Combining Psychotherapy and Medication to Improve Outcomes in Patients With Axis I Disorders
During a session at the 2017 Neuroscience Education Institute Congress, Ira D. Glick, MD, professor emeritus, Department of Psychiatry and Behavioral Sciences, Stanford School of Medicine, emphasized the importance of combining psychological and psychopharmacologic strategies for patients with Axis I disorders and provided guidelines for administering the combination. According to the Diagnostic and Statistical Manual of Mental Disorders, Fifth Edition (DSM-5), Axis I represents acute symptoms that need treatment. These disorders include major depressive disorder (MDD), schizophrenia, and anxiety disorders.
“You’ve got to talk to your patients as well as prescribe them medicine,” said Glick.
Glick first outlined the rational for combining medication and therapy:
- Patients value psychotherapy
- Patients may not be on medication
- Etiology: although biological, “stress” may precipitate episodes
- Pathogenesis: illness has effects on the family
- Treatment: to improve adherence
- It may work better than 1 modality (medication or therapy)

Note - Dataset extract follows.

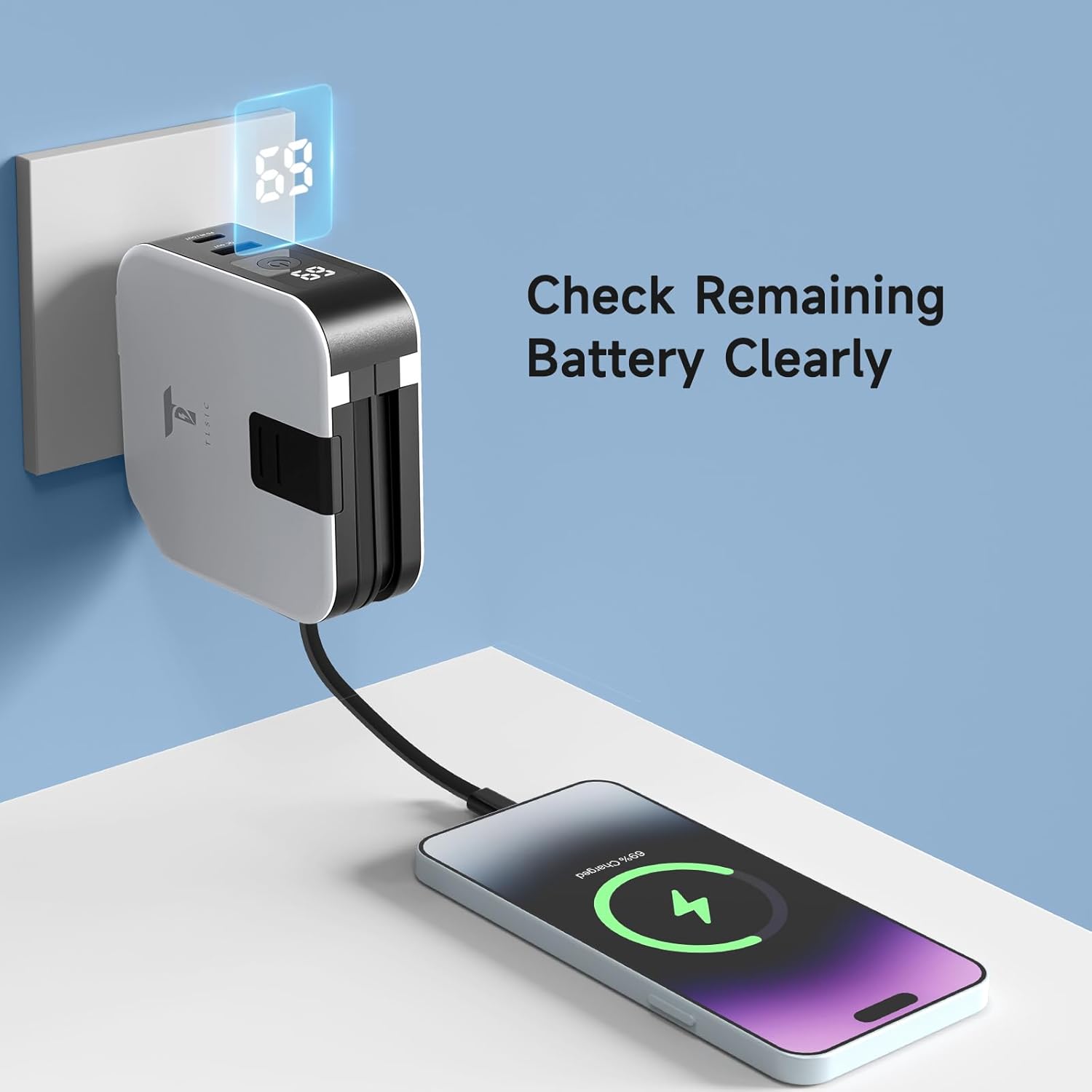 Powerpack Universal 5 in 1 Travel Power Bank - for Magsafe Battery Pack,10000mAh Power Bank with Built in Cable - Wireless Portable Charger for iPhone 15/15 Pro/ProMax, iPhone 14/13/12 Series - Image 6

Psychotherapy is important because some conditions have no effective pharmacotherapy treatment available, medication can be contraindicated, and the patient may not want to take medication. Most importantly, most patients have social and interpersonal problems accompanying Axis I disorders either as the source of or the consequence of the illness, said Glick.
However, there are several reasons why combined therapy is not delivered, said Glick. Many providers deliver one or the other, most insurers pay for non-integrated treatment, many professionals are trained in one or the other, and there is still a presence of provider bias.
Psychotherapy has shown to improve outcomes over medication alone in bipolar disorder, childhood attention-deficit/hyperactivity disorder, MDD, schizophrenia, posttraumatic stress disorder, sleep disorders, and bulimia nervosa, said Glick.
Glick then provided the audience with guidelines for administering combined therapy for their patients:
- Make a DSM-5 diagnosis.
- Make a family systems diagnosis.
- Make an individual dynamic diagnosis.
- Formulate a case.
3. Sequencing of combined treatments
- Select appropriate modalities and their combination.
- Develop specific goals for each modality.
- Decide about sequencing.
- Be aware of, and enquire about, side effects of each modality as well as their interactive effects.
- Establish an alliance.
- For psychotic disorders, start medication early.
- Add individual intervention as patient is able to participate.
- Add family intervention early. Start with psychoeducation and referral to appropriate consumer group depending on DSM-5 diagnosis.
- Add family dynamic and systematic interventions as the patient stabilizes.
- Rehabilitation in maintenance phase.
- Do not add another modality if the first intervention is adequate for efficacy.
Glick ended the session by describing the advantages and disadvantages of combined therapy. For patients who are biologically-oriented, psychotherapy promotes a sense of increased collaboration and targets intrapsychic and interpersonal problems. For patients who are psychologically oriented, medication response relieves hopelessness associated with the lack of improvement in psychotherapy, as well as targeting the primary symptoms of the illness. In addition, it provides a faster response than either modality alone. Lastly, family and individual therapy can increase medication compliance, and medication can increase psychotherapy compliance.
However, there are several disadvantages. With medication, there is an increased risk for side effects and early termination of all therapies, and with psychotherapy the perceived need for medication decreases, Glick explained.